FICCI EY Report: 51 percent of total ad spends in Digital media

Advertising is 0.33 percent of India’s GDP. Traditional media advertising was flat, while new media drove the growth in advertising in 2023, as per the FICCI EY Report on the Indian Media and Entertainment (M&E) industry.

By  Storyboard18Mar 6, 2024 9:00 AM
FICCI EY Report: 51 percent of total ad spends in Digital media
Digital media comprised 51 percent of total ad spends, up from 31 percent pre-pandemic, and contributed the highest share of advertising in India. (Representative Image: Alexander Shatov via Unsplash)

At the annual FICCI FRAMES conference, the Federation of Indian Chambers of Commerce and Industry (FICCI) along with EY released a comprehensive report on the Indian Media and Entertainment (M&E) industry.

The report stated that Digital advertising is now the largest share of India’s ad pie, and performance advertising is the largest component of it.

What are the key findings in Advertising?

Indian M&E sector grew over 8 percent in 2023 to cross Rs 2.3 trillion.

The slowing down of India’s nominal GDP growth to 9 percent. in 2023 after two years of double-digit increases impacted advertising, which grew just 7 percent.
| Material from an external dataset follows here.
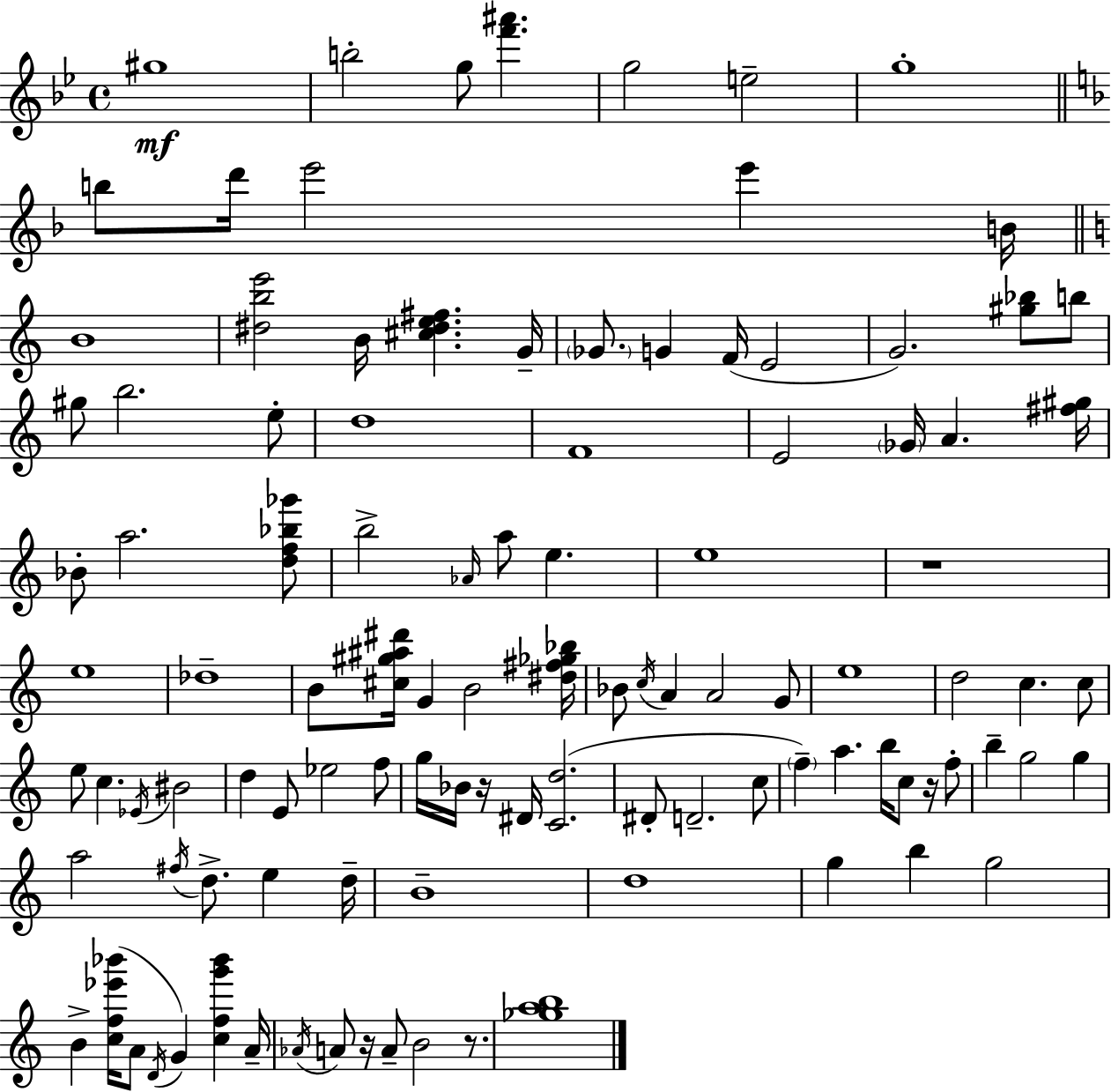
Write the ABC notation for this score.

Globally, too, ad growth was 6 percent compared to global nominal GDP growth of 9.9 percent.

In addition, advertising was impacted by a ban on certain large and high-yield categories like gaming and betting, and a slowdown in investments in D2C brands.

Nominal GDP growth is expected to be 10.5 percent for FY 2025 (2024) and advertising is expected to outpace that based on past trends.
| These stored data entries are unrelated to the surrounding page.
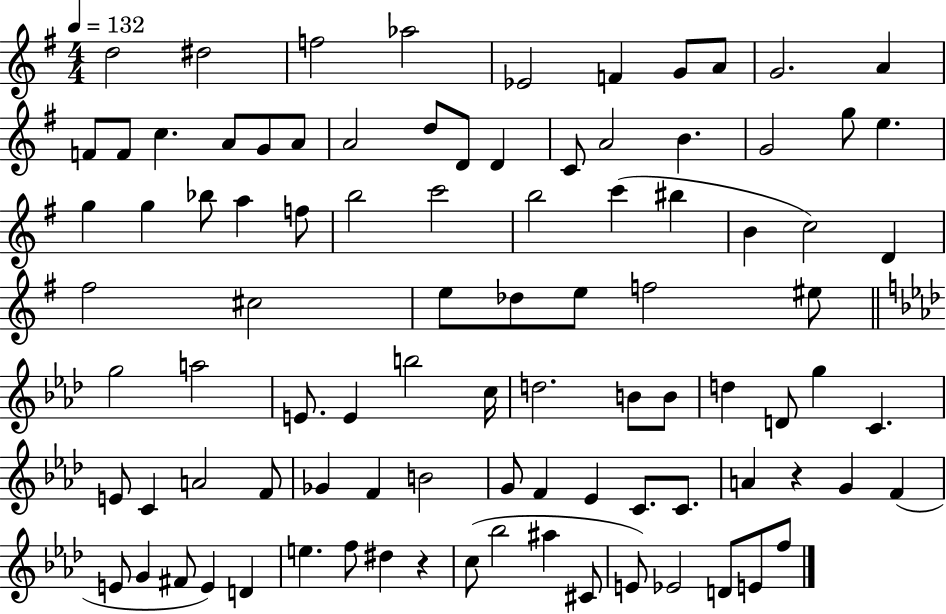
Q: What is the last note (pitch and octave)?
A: F5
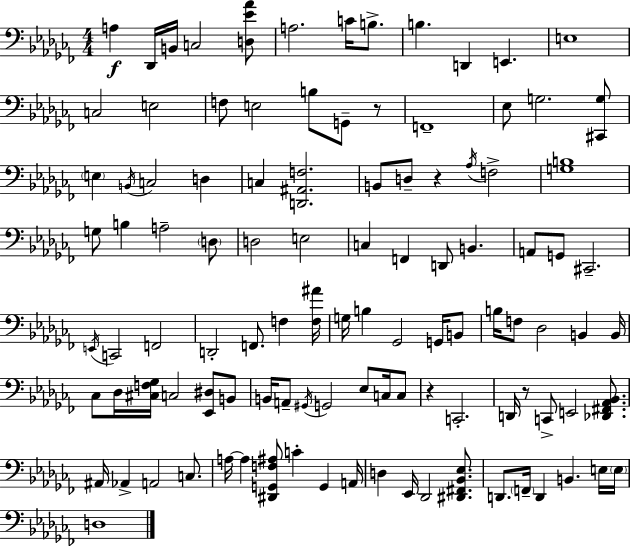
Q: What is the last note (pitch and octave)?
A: D3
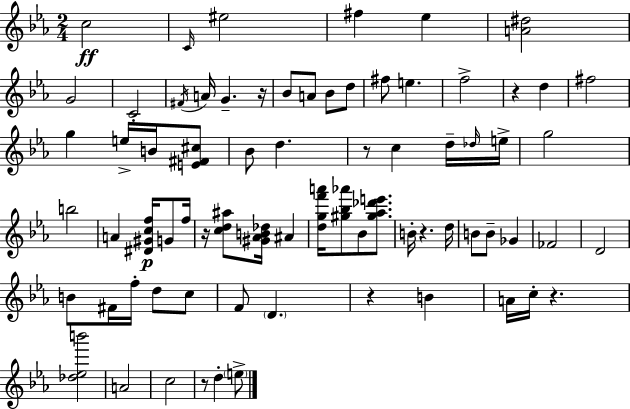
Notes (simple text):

C5/h C4/s EIS5/h F#5/q Eb5/q [A4,D#5]/h G4/h C4/h F#4/s A4/s G4/q. R/s Bb4/e A4/e Bb4/e D5/e F#5/e E5/q. F5/h R/q D5/q F#5/h G5/q E5/s B4/s [E4,F#4,C#5]/e Bb4/e D5/q. R/e C5/q D5/s Db5/s E5/s G5/h B5/h A4/q [D#4,G#4,C5,F5]/s G4/e F5/s R/s [C5,D5,A#5]/e [G#4,Ab4,B4,Db5]/s A#4/q [D5,G5,F6,A6]/s [G#5,Bb5,Ab6]/e Bb4/e [G#5,Ab5,Db6,E6]/e. B4/s R/q. D5/s B4/e B4/e Gb4/q FES4/h D4/h B4/e F#4/s F5/s D5/e C5/e F4/e D4/q. R/q B4/q A4/s C5/s R/q. [Db5,Eb5,B6]/h A4/h C5/h R/e D5/q E5/e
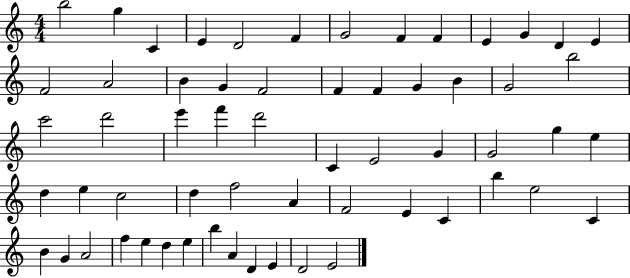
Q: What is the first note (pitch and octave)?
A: B5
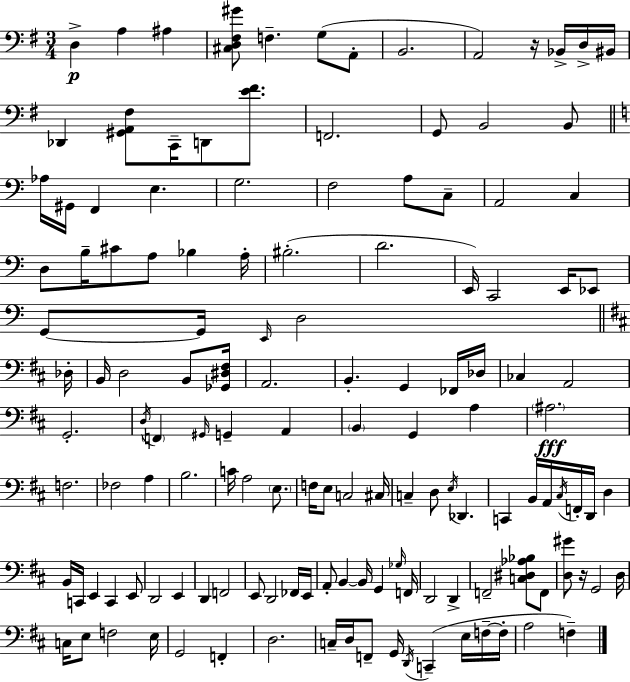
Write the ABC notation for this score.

X:1
T:Untitled
M:3/4
L:1/4
K:Em
D, A, ^A, [^C,D,^F,^G]/2 F, G,/2 A,,/2 B,,2 A,,2 z/4 _B,,/4 D,/4 ^B,,/4 _D,, [^G,,A,,^F,]/2 C,,/4 D,,/2 [E^F]/2 F,,2 G,,/2 B,,2 B,,/2 _A,/4 ^G,,/4 F,, E, G,2 F,2 A,/2 C,/2 A,,2 C, D,/2 B,/4 ^C/2 A,/2 _B, A,/4 ^B,2 D2 E,,/4 C,,2 E,,/4 _E,,/2 G,,/2 G,,/4 E,,/4 D,2 _D,/4 B,,/4 D,2 B,,/2 [_G,,^D,^F,]/4 A,,2 B,, G,, _F,,/4 _D,/4 _C, A,,2 G,,2 D,/4 F,, ^G,,/4 G,, A,, B,, G,, A, ^A,2 F,2 _F,2 A, B,2 C/4 A,2 E,/2 F,/4 E,/2 C,2 ^C,/4 C, D,/2 E,/4 _D,, C,, B,,/4 A,,/4 ^C,/4 F,,/4 D,,/4 D, B,,/4 C,,/4 E,, C,, E,,/2 D,,2 E,, D,, F,,2 E,,/2 D,,2 _F,,/4 E,,/4 A,,/2 B,, B,,/4 G,, _G,/4 F,,/4 D,,2 D,, F,,2 [C,^D,_A,_B,]/2 F,,/2 [D,^G]/2 z/4 G,,2 D,/4 C,/4 E,/2 F,2 E,/4 G,,2 F,, D,2 C,/4 D,/4 F,,/2 G,,/4 D,,/4 C,, E,/4 F,/4 F,/4 A,2 F,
Traditional media advertising was flat, while new media drove the growth in advertising in 2023. New media advertising contributed 52 percent of the total advertising, and 105 percent of the absolute advertising growth in 2023.
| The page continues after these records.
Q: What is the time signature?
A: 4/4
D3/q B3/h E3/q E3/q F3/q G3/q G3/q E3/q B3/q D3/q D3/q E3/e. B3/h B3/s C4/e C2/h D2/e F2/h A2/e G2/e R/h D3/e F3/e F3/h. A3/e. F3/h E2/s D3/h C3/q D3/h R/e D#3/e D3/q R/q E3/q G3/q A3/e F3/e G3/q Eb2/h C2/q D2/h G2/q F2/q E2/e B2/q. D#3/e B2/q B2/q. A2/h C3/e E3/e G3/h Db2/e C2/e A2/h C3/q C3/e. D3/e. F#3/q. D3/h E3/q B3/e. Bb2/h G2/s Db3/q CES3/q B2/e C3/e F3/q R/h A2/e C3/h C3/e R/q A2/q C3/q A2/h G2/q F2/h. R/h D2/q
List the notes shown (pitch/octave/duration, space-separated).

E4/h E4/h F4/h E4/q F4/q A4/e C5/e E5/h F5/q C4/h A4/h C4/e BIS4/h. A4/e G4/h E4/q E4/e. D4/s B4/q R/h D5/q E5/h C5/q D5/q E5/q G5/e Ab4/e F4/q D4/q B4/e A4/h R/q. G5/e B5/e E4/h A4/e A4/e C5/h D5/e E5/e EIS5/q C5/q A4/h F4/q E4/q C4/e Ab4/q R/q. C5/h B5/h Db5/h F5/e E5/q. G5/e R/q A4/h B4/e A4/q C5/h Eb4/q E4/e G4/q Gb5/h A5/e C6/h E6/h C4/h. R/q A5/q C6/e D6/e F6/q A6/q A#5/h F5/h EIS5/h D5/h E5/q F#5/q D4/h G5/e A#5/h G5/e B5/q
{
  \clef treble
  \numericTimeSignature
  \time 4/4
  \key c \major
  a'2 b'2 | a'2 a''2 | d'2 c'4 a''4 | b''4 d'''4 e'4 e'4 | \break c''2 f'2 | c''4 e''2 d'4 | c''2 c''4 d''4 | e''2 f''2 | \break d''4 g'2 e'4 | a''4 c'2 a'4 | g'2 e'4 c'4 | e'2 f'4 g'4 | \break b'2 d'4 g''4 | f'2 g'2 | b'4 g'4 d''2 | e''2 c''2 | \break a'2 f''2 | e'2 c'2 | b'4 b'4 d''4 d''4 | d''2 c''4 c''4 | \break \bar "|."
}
Advertising is now 0.33 percent of India’s GDP (EY estimates using IMF data, World Economic Outlook, GroupM TYNY), much lower than developed large markets, which are all between 0.6 - 1 percent.

Digital media comprised 51 percent of total ad spends, up from 31 percent pre-pandemic, and contributed the highest share of advertising in India.

TV comprised 26 percent of ad revenues, down from 36 percent in 2019.

Together, national media (television and new media) contributed 78 percent of all advertising spends, while local media (print, OOH, radio, cinema) comprised the balance 22 percent.

Media breakdown

Television: TV advertising revenue fell 6.5 percent in 2023. Advertising volumes declined 2.6 percent in 2023 as the number of brands using TV in 2023 fell by over 5 percent as compared to 2022; the fall was led by national channels which witnessed a 9 percent drop while regional channels ad volumes remained stable. Ad rates fell 4 percent on an average as the advertiser mix shifted to lower yield categories.

Total TV screens will increase from 182 million in 2023 to 202 million by 2026, with the mix changing significantly in favor of connected TVs. The situation post 2026 could be quite different, once wired broadband crosses 60 million to 70 million homes and 5G connections scale significantly. At this point, the report states that connected TVs are expected to start scaling more quickly, and reach 100 million by 2030, while linear TV homes drop to 140 million, of which 57 million would be free TV homes.

Dgital: India recorded 1.19 billion telecom subscriptions, which indicates a stable digital infrastructure landscape. Although 5G proliferated, with 130 million subscriptions, 4G continues to dominate the market. Connected TV saw a 50 percent growth as internet penetration continues to rise. The broadband market is growing with subscriptions numbers recording 904 million. It is inevitable that smartphone users have grown and consequently, the average usage time continues to rise.

Despite high app downloads of 26.4 billion, India was behind in monetizing this potential, with users spending half their time on social media apps. Video viewership progressed, while content platforms focused on localizing, particularly in popular genres of drama, action and thrillers. Enhanced digital engagement led to different patterns in content consumption and advertising. The year also saw the growth of digital ad spending by 15 percent, predominantly in search and social media. By 2026, the digital segment is expected to grow to Rs 955 billion with an increased focus on governance.

Digital advertising grew 15 percent in 2023 to reach Rs 576 billion. Growth was led by e-commerce advertising and social media, with search and social media comprising 72 percent of total ad revenues. Between 800,000 and one million SME and long-tail advertisers spent over Rs 200 billion on digital media, primarily on performance advertising on Google, Meta, and e-commerce platforms. Eight advertising categories spent over 30 percent of their budgets on digital media.

Eight categories spent over 30 percent of their total ad spends on digital. These are telecom (spent 64 percent on digital), ecommerce (61 percent), pharma (49 percent), FMCG, BFSI, Automotive, Consumer durables and M&E.